John Updike’s poem Dog’s Death is one I like least. Not because I didn’t understand it, but because of what it was about. A family’s dog had died and some parts are a little gruesome. At the end the last words are “Good Dog”, which are to imply that even though this dog had become sick and left a streak of feces across the floor he had tried to make it to the newspapers he was trained to use. There is rhyme though out this poem but there isn’t a particular form to it.
The poem Mountain Graveyard by Robert Morgan is just twelve words long. It is written in two columns. When I first looked at this poem I didn’t even recognize it as the poem. I thought it was part of something else. The poem is titled as Mountain Graveyard, which makes me automatically think of death or dying. The words in the poem all tie into death. If the title had been anything else this poem would not make sense, and leave the reader puzzled. As the book pointed out all the words that are used are a series of anagrams.
Just by reading the title Common Ground by Judith Ortiz Cofer, I thought of two people meeting in the middle on something. Similar to what I thought, this poem is about a woman who is starting to find certain aspects of her appearance similar to her parents. The first stanza is about ageing; the second is more personal and describes what the speaker feels she has in common with each parent. It was hard for me to distinguish a setting, or audience in this poem. I believe they have been left out, because they are not need to make this poem work.

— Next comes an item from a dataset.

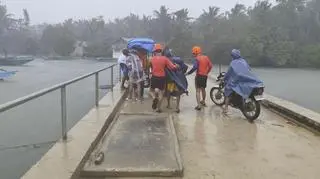 Filipiny przygotowują się na nadejście supertajfunu Fung-wong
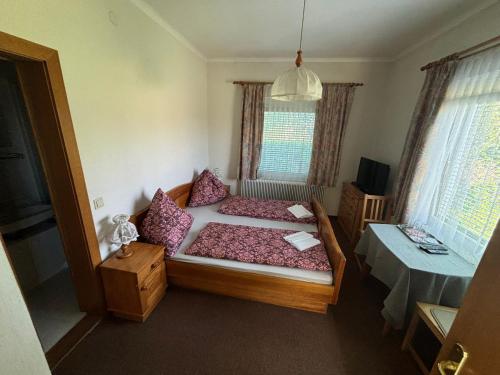 1 queen bed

I found Titanic by David R. Slavitt to be amusing, especially compared to Hardy’s poem about the Titanic. Instead of being sad about dying the speaker is almost comforted, because most everyone else is also going to die and he will not have to go alone, and their death will be fairly quick. The speaker is certainly a person that dies on the titanic, and from the line “We all go: only a few, first class” I believe he is probably from 2nd or 3rd class.